Melania, The Christian Queen of the Mongols

Of the many churches in the Byzantine capital of Constantinople, only one retained its Orthodox Christian function after the Ottoman conquest of 1453, and it survives today. It bears the  startling name of St. Mary of the Mongols, a dedication that recalls the history of a remarkable woman of the Middle Ages.

I posted last time about the great Mongol Empire, and the very prominent role of Christian women in ruling and shaping it, whether as queen, as queen mother, or as royal princesses. In 1265, the fearsome warlord Hulagu demanded that the Byzantine Emperor Michael VIII give him one of his daughters as a wife. The emperor complied, sending his illegitimate child Maria, surnamed Paleogina (c.1249-1308). In her later years, as a dedicated nun, she took the name Melania, or Melanie. I freely admit to using that name in my title here because it produces such a memorable image of a low budget film, likely directed by Roger Corman: Melanie, Queen of the Mongols. But Maria/Melania’s life is beyond the invention of a historical novelist, or a daring screenwriter.

I should say that the available sources often clash on exact dates and details, and ranging over the internet produces a bewildering (not to mention entertaining) array of outright mis-statements and errors. I will sort things as best I can.

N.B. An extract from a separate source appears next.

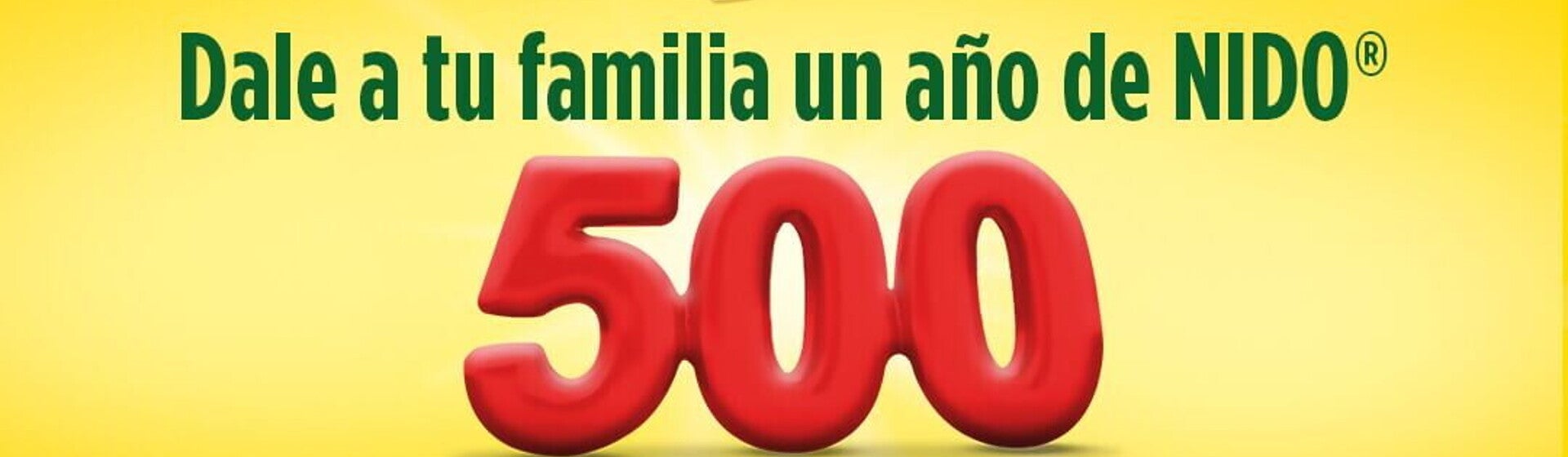 Promocion NIDO Promocion NIDO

The Emperor Michael had to walk a delicate path, dreading the prospect of angering any of the competing Mongol realms. Accordingly, he sent Maria to marry Hulagu, while choosing another princess for the ruler of the equally dangerous Golden Horde. In 1265, Maria traveled to marry Hulagu, but he died while she was en route. She was thus married to his son Abaqa, who ruled the sprawling Persia-based state of the Ilkhanate, which was comparable in size to the ancient Persian Empire conquered by Alexander the Great. As queen, and as a visibly pious woman, Maria became a focus of loyalty and hope for the region’s many Christians. Her official title was Despina Khatun, which combines the Greek and Mongol titles for a noble lady: she was Lady Lady. She held that power for seventeen years.

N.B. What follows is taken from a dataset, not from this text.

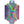 Ouch! Multicoloured Bondage Rope - 10 Mtrs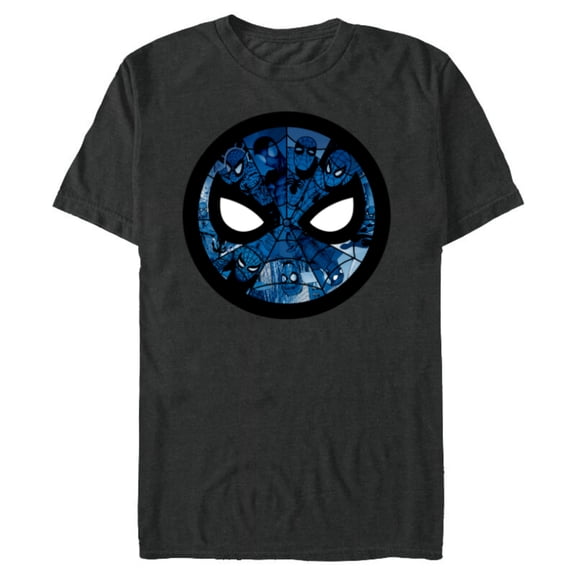 Marvel Spider-Man: Beyond Amazing 60th Anniversary Panels - Short Sleeve Blended T-Shirt for Adults - Customized-Dark Heather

When Abaqa died in 1282, she returned to Constantinople, where she became the founder of the Panagiotissa Monastery. In its Marian dedication to the Panaghia, the All Holy Lady, the church also commemorated the former queen.

But her story was not finished. In 1307, the region faced the rising threat of the Ottoman Turks, who were pressing on the ever-shrinking borders of the Byzantine world, and threatening the key city of Nicea. The Empire reached out to Öljaitü (“Charbanda”), the Mongol ruler of the Ilkhanate, offering another princess named Maria to be his wife. The Wikipedia entry on Maria Paleogina claims that the offered bride was our own Maria/Melania, which is impossible: in this era, that was just not something that happened to women in their upper fifties. We also know that the then-emperor, Andronicus, had already formed marriage ties with more than one Mongol ruler, using his illegitimate daughters as diplomatic currency.

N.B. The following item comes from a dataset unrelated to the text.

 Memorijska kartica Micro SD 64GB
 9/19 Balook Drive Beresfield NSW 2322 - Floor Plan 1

Our Maria was a natural intermediary to the Ilkhanate, where she would have personal acquaintance with some surviving leaders. Öljaitü reportedly promised some thirty thousand of his warriors, but they would take some time to mobilize. To gain time, Maria met the Ottoman leaders, but reputedly, her speech was so aggressive as to offend the other side, which duly pressed on with their campaign. I would dearly love to know what words actually left the mouth of this pious nun, but presumably, years of dealing with Mongol lords had given her a potent arsenal of threats and bluster. Whatever we make of this encounter, we know that in 1307, Öljaitü was so friendly to the Christians that he approached the Pope with an offer of an alliance to reclaim the Holy Land from the Muslims.

Maria died at her convent, aged around sixty. As I remarked of some other figures of this era, she is a historical novel waiting to be written.